■ **PROBLEM STATEMENT**: Without dropping or altering a single word, give the listing again.

**** STORED DATA ****

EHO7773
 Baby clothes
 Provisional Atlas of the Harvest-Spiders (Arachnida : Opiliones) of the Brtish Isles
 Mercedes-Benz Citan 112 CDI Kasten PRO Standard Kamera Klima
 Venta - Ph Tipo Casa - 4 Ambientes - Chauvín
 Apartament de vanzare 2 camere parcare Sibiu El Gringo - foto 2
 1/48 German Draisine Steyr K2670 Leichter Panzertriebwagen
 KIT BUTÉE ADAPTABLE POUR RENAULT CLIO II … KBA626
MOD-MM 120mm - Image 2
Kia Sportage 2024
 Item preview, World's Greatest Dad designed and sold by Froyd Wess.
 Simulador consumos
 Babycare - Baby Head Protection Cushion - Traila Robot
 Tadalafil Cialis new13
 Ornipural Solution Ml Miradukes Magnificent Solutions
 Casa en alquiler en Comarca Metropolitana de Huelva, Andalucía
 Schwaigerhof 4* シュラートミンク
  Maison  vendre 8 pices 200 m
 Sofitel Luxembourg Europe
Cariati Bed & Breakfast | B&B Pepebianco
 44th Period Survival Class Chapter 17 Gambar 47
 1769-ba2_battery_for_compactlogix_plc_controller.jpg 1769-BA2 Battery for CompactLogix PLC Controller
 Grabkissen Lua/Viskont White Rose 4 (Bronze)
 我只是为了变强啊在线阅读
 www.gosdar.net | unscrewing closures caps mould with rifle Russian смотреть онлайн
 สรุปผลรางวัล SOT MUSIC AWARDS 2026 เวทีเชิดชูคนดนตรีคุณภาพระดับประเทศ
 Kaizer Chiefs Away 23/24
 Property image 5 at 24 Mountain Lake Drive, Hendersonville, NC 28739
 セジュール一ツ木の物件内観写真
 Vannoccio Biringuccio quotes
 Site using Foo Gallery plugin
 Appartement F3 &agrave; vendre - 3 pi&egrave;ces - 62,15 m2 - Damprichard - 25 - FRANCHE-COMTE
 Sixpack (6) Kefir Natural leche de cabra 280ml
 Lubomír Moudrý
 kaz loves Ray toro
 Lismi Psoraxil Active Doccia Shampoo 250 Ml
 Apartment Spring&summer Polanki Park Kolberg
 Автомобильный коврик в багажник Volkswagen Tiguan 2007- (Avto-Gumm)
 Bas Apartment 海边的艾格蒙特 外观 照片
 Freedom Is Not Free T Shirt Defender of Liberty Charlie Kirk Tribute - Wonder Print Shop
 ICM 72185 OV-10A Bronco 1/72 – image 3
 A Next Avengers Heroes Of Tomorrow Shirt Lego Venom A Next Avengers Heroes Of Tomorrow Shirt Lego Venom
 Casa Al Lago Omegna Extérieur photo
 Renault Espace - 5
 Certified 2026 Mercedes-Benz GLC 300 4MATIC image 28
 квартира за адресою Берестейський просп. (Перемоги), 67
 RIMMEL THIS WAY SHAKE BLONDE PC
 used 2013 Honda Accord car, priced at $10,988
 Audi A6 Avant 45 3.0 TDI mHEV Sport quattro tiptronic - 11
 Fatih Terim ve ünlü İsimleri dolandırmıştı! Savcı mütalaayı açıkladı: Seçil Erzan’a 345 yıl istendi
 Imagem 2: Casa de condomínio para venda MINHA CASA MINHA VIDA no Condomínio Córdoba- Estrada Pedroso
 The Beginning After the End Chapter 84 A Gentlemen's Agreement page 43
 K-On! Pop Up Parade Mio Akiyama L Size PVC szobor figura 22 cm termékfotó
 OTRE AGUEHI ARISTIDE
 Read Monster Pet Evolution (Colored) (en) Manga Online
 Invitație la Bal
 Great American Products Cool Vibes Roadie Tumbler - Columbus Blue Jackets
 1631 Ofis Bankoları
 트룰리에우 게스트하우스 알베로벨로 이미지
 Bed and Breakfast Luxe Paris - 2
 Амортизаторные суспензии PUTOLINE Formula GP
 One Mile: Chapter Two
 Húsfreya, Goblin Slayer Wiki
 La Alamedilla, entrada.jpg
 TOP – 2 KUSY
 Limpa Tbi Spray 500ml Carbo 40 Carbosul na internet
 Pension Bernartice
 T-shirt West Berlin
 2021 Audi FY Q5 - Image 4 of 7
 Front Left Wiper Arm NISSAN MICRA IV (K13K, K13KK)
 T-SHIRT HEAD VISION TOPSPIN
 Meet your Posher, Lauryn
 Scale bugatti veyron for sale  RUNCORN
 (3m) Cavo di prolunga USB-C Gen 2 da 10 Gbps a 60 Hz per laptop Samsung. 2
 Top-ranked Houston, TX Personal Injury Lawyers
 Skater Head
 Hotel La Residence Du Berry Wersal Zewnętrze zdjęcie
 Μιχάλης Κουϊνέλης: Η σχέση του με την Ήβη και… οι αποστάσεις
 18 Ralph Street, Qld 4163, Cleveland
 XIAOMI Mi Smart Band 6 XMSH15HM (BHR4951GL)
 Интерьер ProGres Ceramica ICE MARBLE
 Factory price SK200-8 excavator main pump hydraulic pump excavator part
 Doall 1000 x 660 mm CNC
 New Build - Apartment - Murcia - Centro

****

■ **EXPECTED OUTPUT**:
EHO7773
 Baby clothes
 Provisional Atlas of the Harvest-Spiders (Arachnida : Opiliones) of the Brtish Isles
 Mercedes-Benz Citan 112 CDI Kasten PRO Standard Kamera Klima
 Venta - Ph Tipo Casa - 4 Ambientes - Chauvín
 Apartament de vanzare 2 camere parcare Sibiu El Gringo - foto 2
 1/48 German Draisine Steyr K2670 Leichter Panzertriebwagen
 KIT BUTÉE ADAPTABLE POUR RENAULT CLIO II … KBA626
MOD-MM 120mm - Image 2
Kia Sportage 2024
 Item preview, World's Greatest Dad designed and sold by Froyd Wess.
 Simulador consumos
 Babycare - Baby Head Protection Cushion - Traila Robot
 Tadalafil Cialis new13
 Ornipural Solution Ml Miradukes Magnificent Solutions
 Casa en alquiler en Comarca Metropolitana de Huelva, Andalucía
 Schwaigerhof 4* シュラートミンク
  Maison  vendre 8 pices 200 m
 Sofitel Luxembourg Europe
Cariati Bed & Breakfast | B&B Pepebianco
 44th Period Survival Class Chapter 17 Gambar 47
 1769-ba2_battery_for_compactlogix_plc_controller.jpg 1769-BA2 Battery for CompactLogix PLC Controller
 Grabkissen Lua/Viskont White Rose 4 (Bronze)
 我只是为了变强啊在线阅读
 www.gosdar.net | unscrewing closures caps mould with rifle Russian смотреть онлайн
 สรุปผลรางวัล SOT MUSIC AWARDS 2026 เวทีเชิดชูคนดนตรีคุณภาพระดับประเทศ
 Kaizer Chiefs Away 23/24
 Property image 5 at 24 Mountain Lake Drive, Hendersonville, NC 28739
 セジュール一ツ木の物件内観写真
 Vannoccio Biringuccio quotes
 Site using Foo Gallery plugin
 Appartement F3 &agrave; vendre - 3 pi&egrave;ces - 62,15 m2 - Damprichard - 25 - FRANCHE-COMTE
 Sixpack (6) Kefir Natural leche de cabra 280ml
 Lubomír Moudrý
 kaz loves Ray toro
 Lismi Psoraxil Active Doccia Shampoo 250 Ml
 Apartment Spring&summer Polanki Park Kolberg
 Автомобильный коврик в багажник Volkswagen Tiguan 2007- (Avto-Gumm)
 Bas Apartment 海边的艾格蒙特 外观 照片
 Freedom Is Not Free T Shirt Defender of Liberty Charlie Kirk Tribute - Wonder Print Shop
 ICM 72185 OV-10A Bronco 1/72 – image 3
 A Next Avengers Heroes Of Tomorrow Shirt Lego Venom A Next Avengers Heroes Of Tomorrow Shirt Lego Venom
 Casa Al Lago Omegna Extérieur photo
 Renault Espace - 5
 Certified 2026 Mercedes-Benz GLC 300 4MATIC image 28
 квартира за адресою Берестейський просп. (Перемоги), 67
 RIMMEL THIS WAY SHAKE BLONDE PC
 used 2013 Honda Accord car, priced at $10,988
 Audi A6 Avant 45 3.0 TDI mHEV Sport quattro tiptronic - 11
 Fatih Terim ve ünlü İsimleri dolandırmıştı! Savcı mütalaayı açıkladı: Seçil Erzan’a 345 yıl istendi
 Imagem 2: Casa de condomínio para venda MINHA CASA MINHA VIDA no Condomínio Córdoba- Estrada Pedroso
 The Beginning After the End Chapter 84 A Gentlemen's Agreement page 43
 K-On! Pop Up Parade Mio Akiyama L Size PVC szobor figura 22 cm termékfotó
 OTRE AGUEHI ARISTIDE
 Read Monster Pet Evolution (Colored) (en) Manga Online
 Invitație la Bal
 Great American Products Cool Vibes Roadie Tumbler - Columbus Blue Jackets
 1631 Ofis Bankoları
 트룰리에우 게스트하우스 알베로벨로 이미지
 Bed and Breakfast Luxe Paris - 2
 Амортизаторные суспензии PUTOLINE Formula GP
 One Mile: Chapter Two
 Húsfreya, Goblin Slayer Wiki
 La Alamedilla, entrada.jpg
 TOP – 2 KUSY
 Limpa Tbi Spray 500ml Carbo 40 Carbosul na internet
 Pension Bernartice
 T-shirt West Berlin
 2021 Audi FY Q5 - Image 4 of 7
 Front Left Wiper Arm NISSAN MICRA IV (K13K, K13KK)
 T-SHIRT HEAD VISION TOPSPIN
 Meet your Posher, Lauryn
 Scale bugatti veyron for sale  RUNCORN
 (3m) Cavo di prolunga USB-C Gen 2 da 10 Gbps a 60 Hz per laptop Samsung. 2
 Top-ranked Houston, TX Personal Injury Lawyers
 Skater Head
 Hotel La Residence Du Berry Wersal Zewnętrze zdjęcie
 Μιχάλης Κουϊνέλης: Η σχέση του με την Ήβη και… οι αποστάσεις
 18 Ralph Street, Qld 4163, Cleveland
 XIAOMI Mi Smart Band 6 XMSH15HM (BHR4951GL)
 Интерьер ProGres Ceramica ICE MARBLE
 Factory price SK200-8 excavator main pump hydraulic pump excavator part
 Doall 1000 x 660 mm CNC
 New Build - Apartment - Murcia - Centro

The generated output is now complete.